** Opening RECORDS FOR THE TASK block **

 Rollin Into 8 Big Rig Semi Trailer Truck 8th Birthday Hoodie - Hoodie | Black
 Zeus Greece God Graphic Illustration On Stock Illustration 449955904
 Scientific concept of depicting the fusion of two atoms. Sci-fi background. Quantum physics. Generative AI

** Closing RECORDS FOR THE TASK block **
** Opening RECORDS FOR THE TASK block **

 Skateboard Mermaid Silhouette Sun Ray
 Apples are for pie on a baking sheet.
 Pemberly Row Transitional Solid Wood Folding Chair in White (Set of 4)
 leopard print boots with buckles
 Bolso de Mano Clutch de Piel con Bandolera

** Closing RECORDS FOR THE TASK block **

[INSTRUCTIONS TO FOLLOW]: Here the output must be the lines above from the line with "Rollin Into 8" to the line with "Scientific concept of", both included, duplicated word for word and nothing else.

[RESPONSE BELOW]:
 Rollin Into 8 Big Rig Semi Trailer Truck 8th Birthday Hoodie - Hoodie | Black
 Zeus Greece God Graphic Illustration On Stock Illustration 449955904
 Scientific concept of depicting the fusion of two atoms. Sci-fi background. Quantum physics. Generative AI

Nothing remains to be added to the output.